Types Of Neural Networks

Multilayer Perceptrons

Alt text that describes the graphic

Multilayer Perceptrons, or MLPs for short, are comprised of one or more layers of neurons. Data is fed to the input layer, there may be one or more hidden layers providing levels of abstraction, and predictions are made on the output layer.

Types of problems MLPs solve:

  • MLPs are suitable for classification prediction problems where inputs are assigned a class or label.

  • MLPs are also suitable for regression prediction problems where a real-valued quantity is predicted given a set of inputs. Data is often provided in a tabular format, such as you would see in a CSV file or a spreadsheet.

Alt text that describes the graphic

  • They are very flexible and can be used generally to learn a mapping from inputs to outputs.
  • This flexibility allows them to be applied to other types of data. For example, the pixels of an image can be reduced down to a 1D array of data and fed into a MLP. The words of a document can also be reduced to a 1D array of data and fed to a MLP. Even the lag observations for a time series prediction problem can be reduced to a1D array of data and fed to a MLP.
  • If your data is in a form other than a tabular dataset, such as an image, document, or time series, you can at least test a MLP on your problem. The results can be used as a baseline point of comparison to confirm that other models that may be better suited to solve the problem.

Try MLPs On:

  • Image data
  • Text Data
  • Time series data
  • Other types of data

Convolutional Neural Networks

Alt text that describes the graphic

Convolutional Neural Networks, or CNNs, were designed to map image data to an output variable.

They have proven so effective that they are the go-to method for any type of prediction problem involving image data as an input. Convolutional Neural Networks expect and preserve the spatial relationship between pixels by learning internal feature representations using small squares of input data. Feature are learned and used across the whole image, allowing for the objects in the images to be shifted or translated in the scene and still detectable by the network.

Types of problems CNNs solve:

  • Image data
  • Classification prediction problems
  • Regression prediction problems
  • More generally, CNNs work well with data that has a spatial relationship. A spatial relation specifies how some object is located in space in relation to some reference object.

The CNN input is traditionally 2D, a field or matrix, but can also be changed to be 1D, allowing it to develop an internal representation of a one-dimensional sequence.

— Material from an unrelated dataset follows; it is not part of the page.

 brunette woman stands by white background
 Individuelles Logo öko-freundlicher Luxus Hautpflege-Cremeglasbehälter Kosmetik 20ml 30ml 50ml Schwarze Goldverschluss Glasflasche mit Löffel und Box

This allows the CNN to be used more generally on other types of data that has a spatial relationship. For example, there is an order relationship between words in a document of text. There is an ordered relationship in the time steps of a time series.

Although not specifically developed for non-image data, CNNs achieve state-of-the-art results on problems such as document classification used in sentiment analysis and related problems.

Try CNNs On:

  • Images
  • Text data
  • Time series data
  • Sequence input data

Recurrent Neural Networks

Alt text that describes the graphic

Recurrent Neural Networks, or RNNs, were designed to work with sequence prediction problems. Sequence prediction is a problem that involves using historical sequence information to predict the next value or values in the sequence. The sequence may be symbols like letters in a sentence or real values like those in a time series of prices.

Some examples of sequence prediction problems include:

  • Sequence to sequence: predict stock prices based on series of historical data
  • Sequence to vector: words in a sentence to sentiment
  • Vector to sequence: create captions from an image
  • Encoder -> Decoder
    • Sequence -> vector -> sequence: machine translation

Recurrent neural networks were traditionally difficult to train. The Long Short-Term Memory, or LSTM, network is perhaps the most successful RNN because it overcomes the problems of training a recurrent network and in turn has been used on a wide range of applications.

RNNs in general and LSTMs in particular have received the most success when working with sequences of words and paragraphs, generally called natural language processing.

This includes both sequences of text and sequences of spoken language represented as a time series. They are also used as generative models that require a sequence output, not only with text, but on applications such as generating handwriting.

Types of problems RNNs Solve:

  • Text data
  • Speech data
  • Classification prediction problems
  • Regression prediction problems
  • Generative models

Recurrent neural networks are not appropriate for tabular datasets as you would see in a CSV file or spreadsheet. They are also not appropriate for image data input.

Don’t Use RNNs For:

  • Tabular data
  • Image data

RNNs and LSTMs have been tested on time series forecasting problems, but the results have been poor, to say the least. Autoregression methods, even linear methods often perform much better. LSTMs are often outperformed by simple MLPs applied on the same data.